极简主义、激浪派、超现实主义,以及之前的人类学专业都对海勒的作品产生了极大的影响。她早期的作品 《纪念碑》(Monument )涵盖了记忆、死亡、历史、英雄主义以及时间等话题。作品的组成元素是艺术家在伦敦拍摄的 41 张纪念碑文字的照片,这些纪念碑建立的年份不等,大多数都是为舍身救人的英雄而建造。作品的核心部分是海勒本人的录音,艺术家呓语般地讲述着关于死亡、不朽和历史的片段,这赋予了画面本身全新的涵义,仿佛死者在同观者交谈一样。而在 1980 年,将声音同装置相结合的做法几乎是绝无仅有的。不仅如此,海勒还是最早使用录像装置的当代艺术家之一,在 1990 年创作的《一种娱乐》(An Entertainment )中,海勒用四面大型银幕将观众包围,偌大的投影上是一场迷你儿童玩具之间的恶斗,伴随着极为暴力而残忍的声音,画面上却是儿童绘画般鲜艳的色彩。作品的陈列模式像极了某种奇妙的宗教仪式,而观众却仿佛在看一场荒诞而邪恶的喜剧。
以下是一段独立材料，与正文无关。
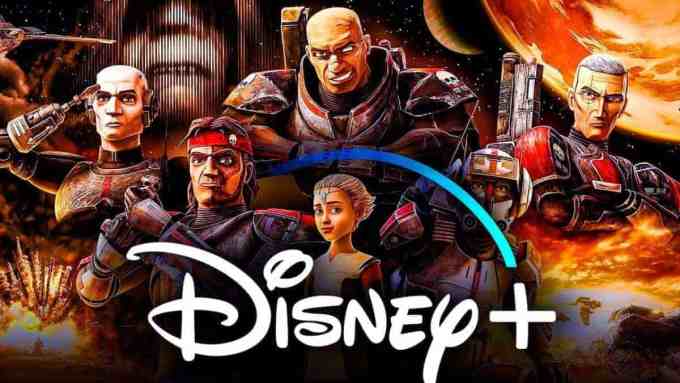 Bad Batch S2 Gets New Release Date?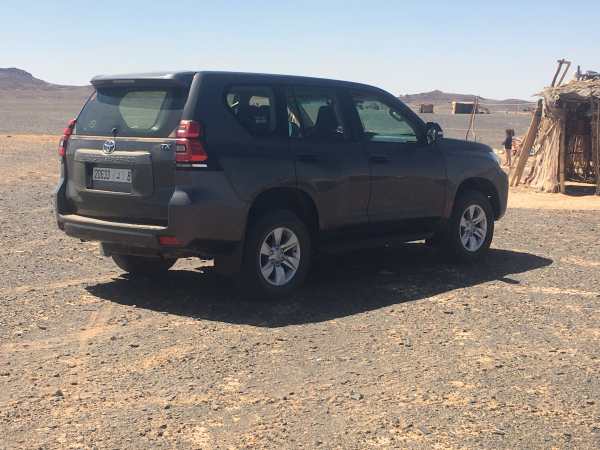 Vehicle used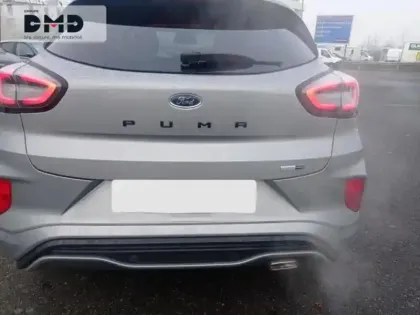 Photo 6 Ford Puma  1.0 Flexifuel 125ch S&S mHEV ST-Line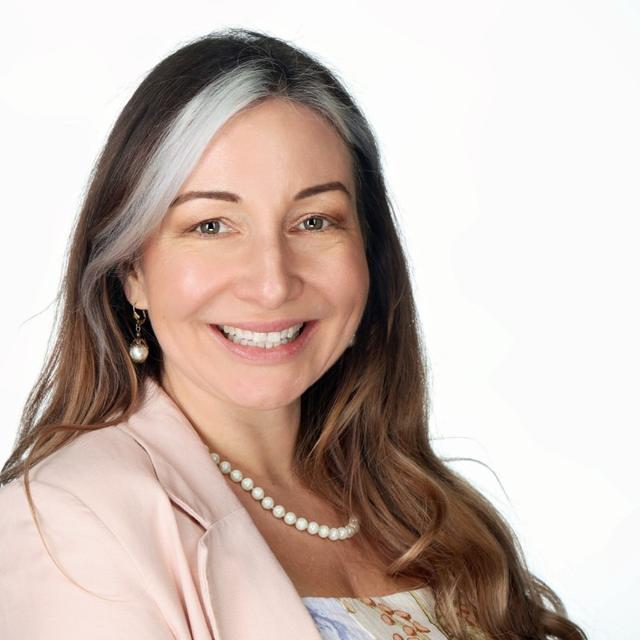 Nicole Berryman profile image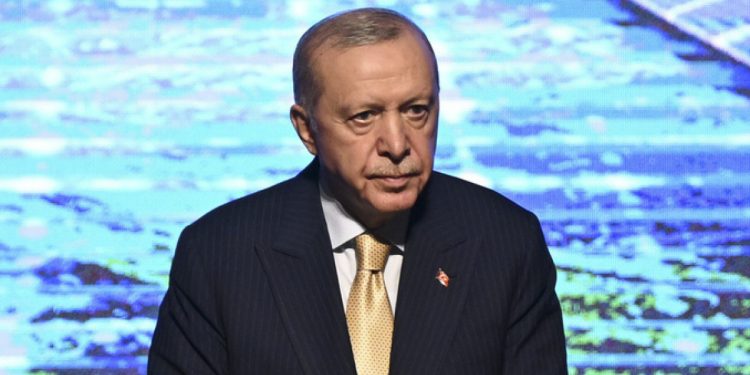 Erdoğan açıkladı: Enerjide 80 milyar dolarlık yatırım hedefi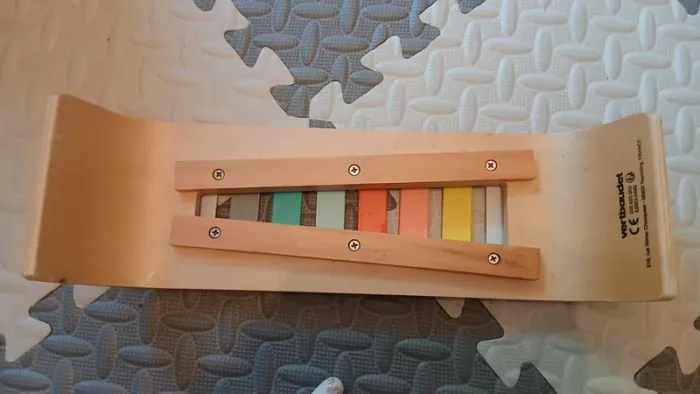 Xylophone - photo numéro 4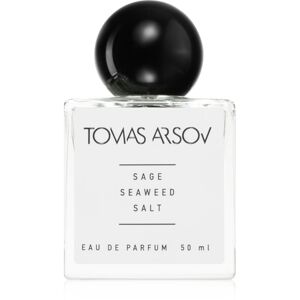 Tomas Arsov Sage Seaweed Salt Eau de Parfum hölgyeknek I. 50 ml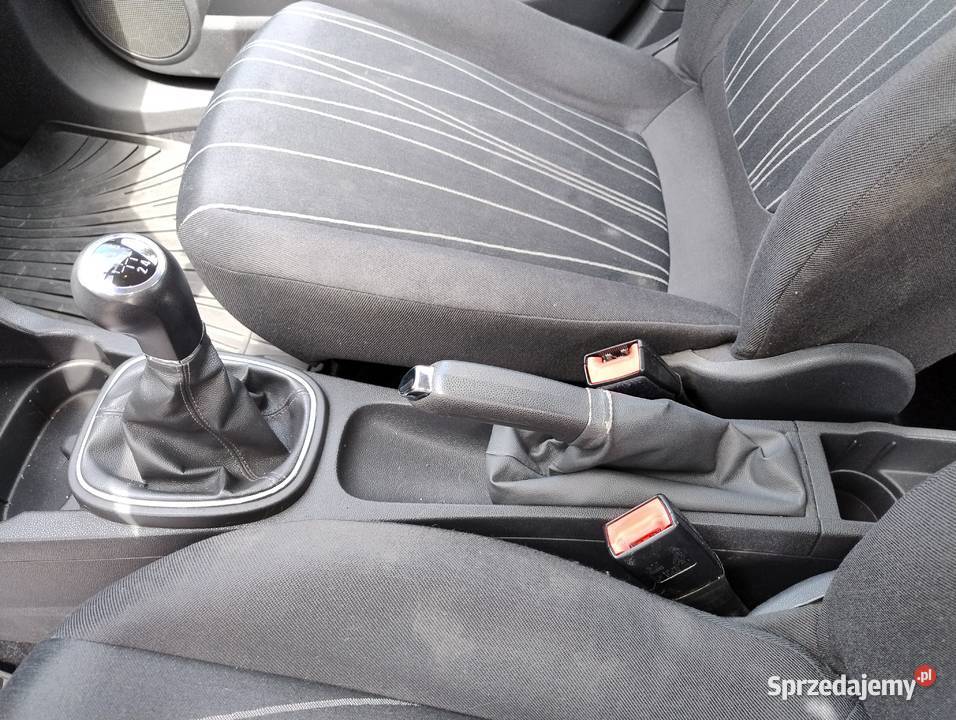 Opel Corsa D 2008 r 14b Stan klimatyzacji Corsa Jarosław sprzedam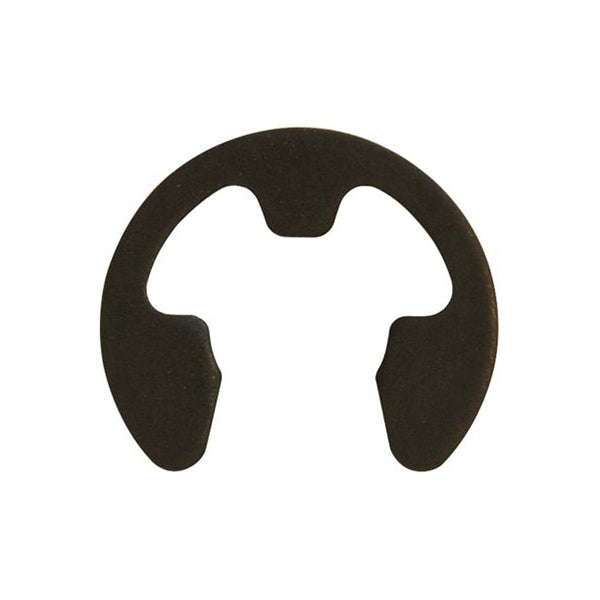 E?Retainer - 15.5mm Shaft, DIN 6799 Pack of 100
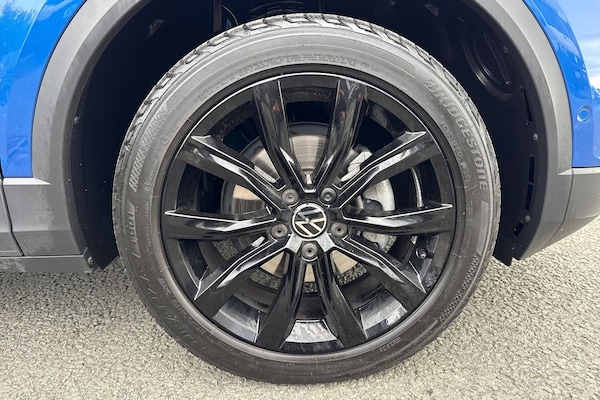 Used Volkswagen T-Roc 2023 for sale - 75995930: Photo 9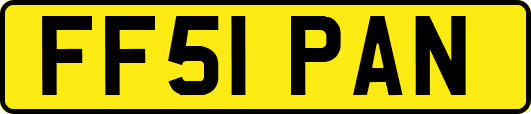 FF51PAN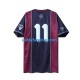 Jalkapallo Pelipaitoja West Ham United Iron Maiden Retro Mies Kotipeliasu 2011 Lyhythihainen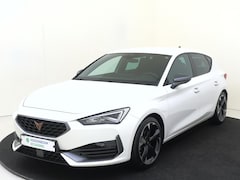 CUPRA Leon - 1.4 e-Hybrid VZ Adrenaline | SoH 91% | Adaptieve demping | Keyless | Navigatie | Dodehoek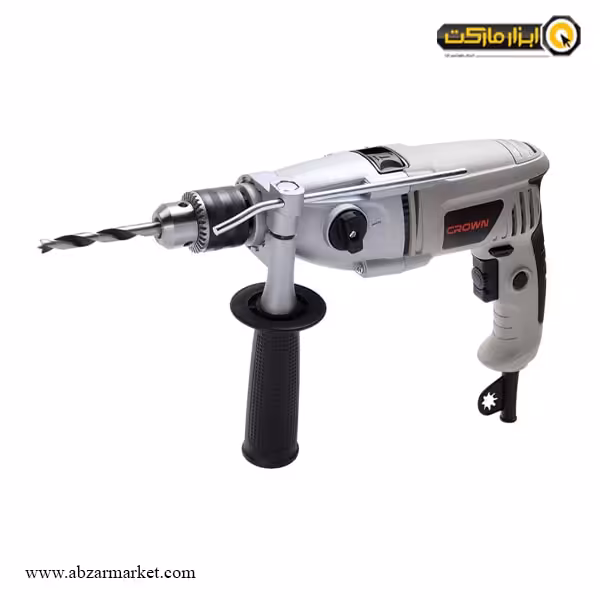 دریل گیربکسی کرون مدل CT10068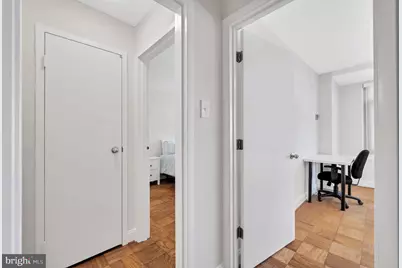 2401 H Street NW #808, Washington, DC 20037 - Photo 11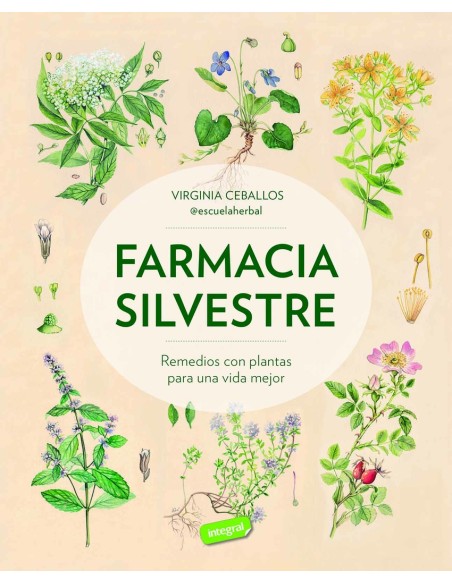 Farmacia silvestre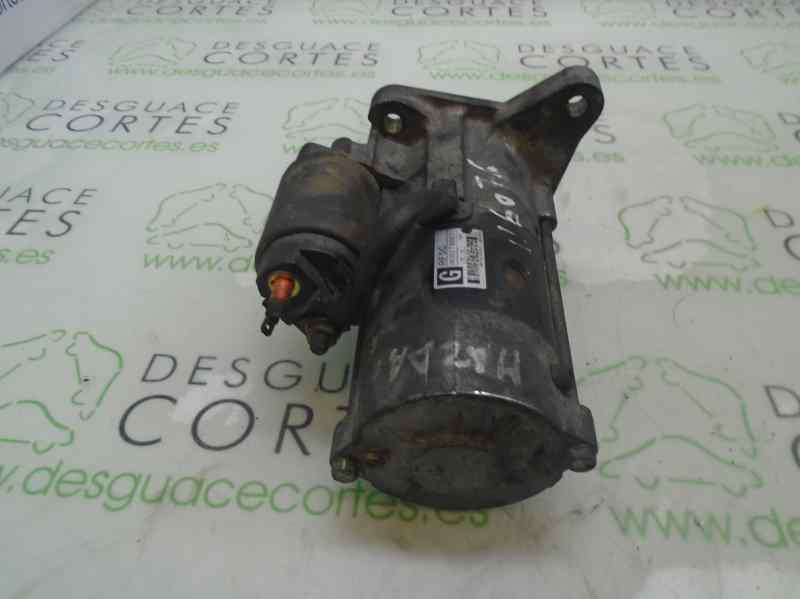 MAZDA 6 GG (2002-2007) Starter Motor RF5C18400 18411015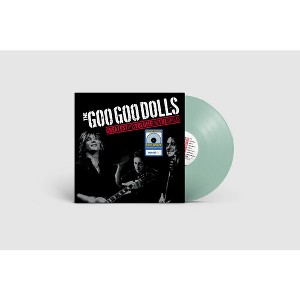 Goo Goo Dolls - Greatest Hits, Vol.1 (Walmart Exclusive) (Vinyl) - 1 of 1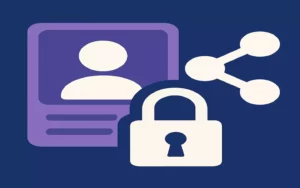 Visibilité et partage des profils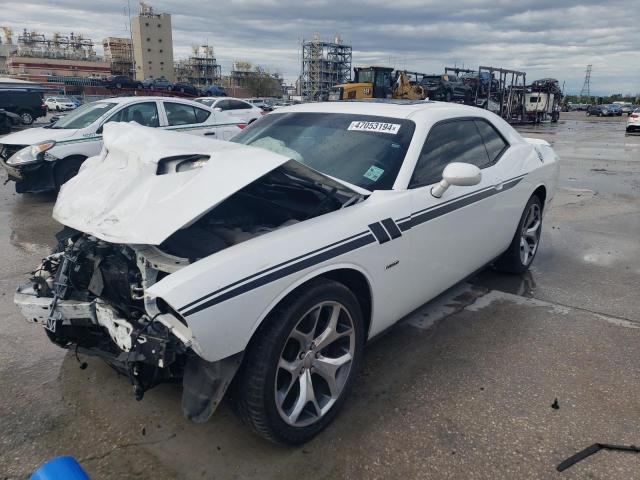 DODGE CHALLENGER 2015 2c3cdzbt4fh775097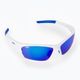 UVEX Sunsation слънчеви очила в бяло и синьо S5306068416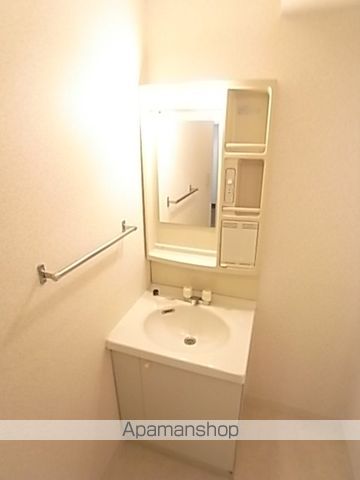 フロントリバー東難波の内装写真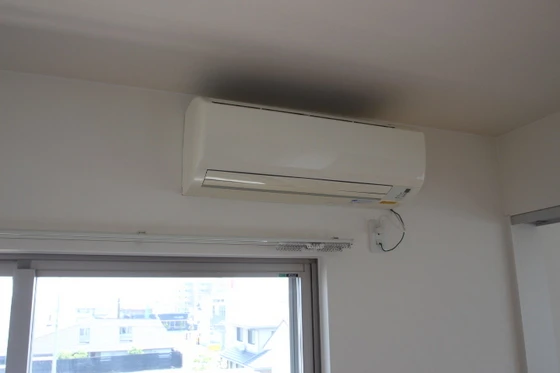 Maple Court弐番館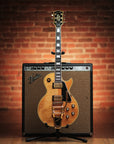 1997 Gibson Custom Shop Les Paul Custom ’68 Reissue “Blonde Beauty”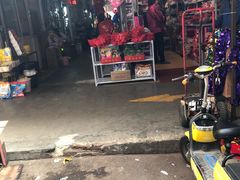 -利津路小商品批发市场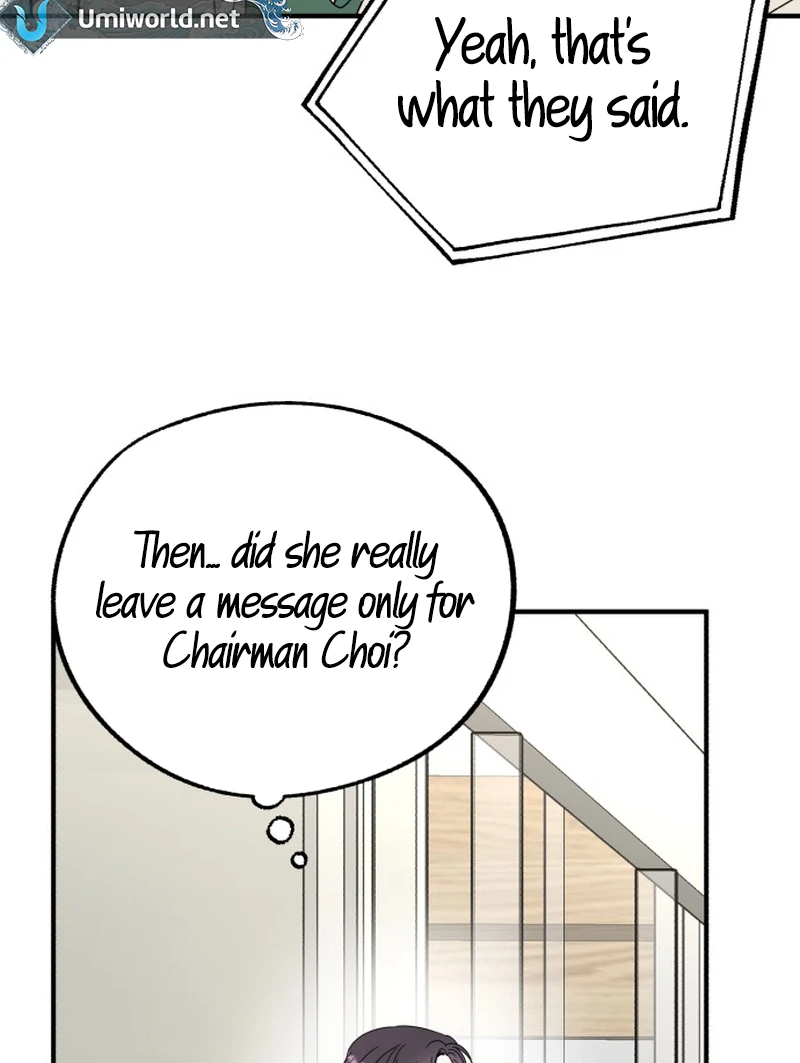 Is Romance Possible? Chapter 5 - Page 41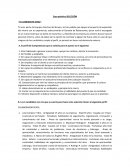 Caso práctico SELECCIÓN “EL CANDIDATO IDEAL”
海勒不仅是艺术家,她同时也是作家、策展人,以及历史学家。她很大一部分作品的核心,意在向史上一些重要艺术运动致敬,同时也试图反映这些运动对当代社会造成的重要影响。比如她的两个近作 《向马塞尔·杜尚致敬》 (Homage to Marcel Duchamp: Auras )以及 《海上历险:向马塞尔·布鲁塞尔致敬》 (Voyage on a Rough Sea: Homage to Marcel Broodthaers )。在近 30 年来的创作中,苏珊·海勒始终在坚持不懈地挖掘当代社会中那些被忽略的、人们潜意识上抗拒的边缘文化。“潜意识”一直是海勒多年研究的课题,然而她的作品所探索的,已经远不止是个体的意识,而是关于我们所生活的这个时代,关于当代文化的群体意识。

首页 | 关于我们 | 读图 | 订阅 | 广告及活动合作 | 活动 | 零食 | 联系我们

This site uses JTBC.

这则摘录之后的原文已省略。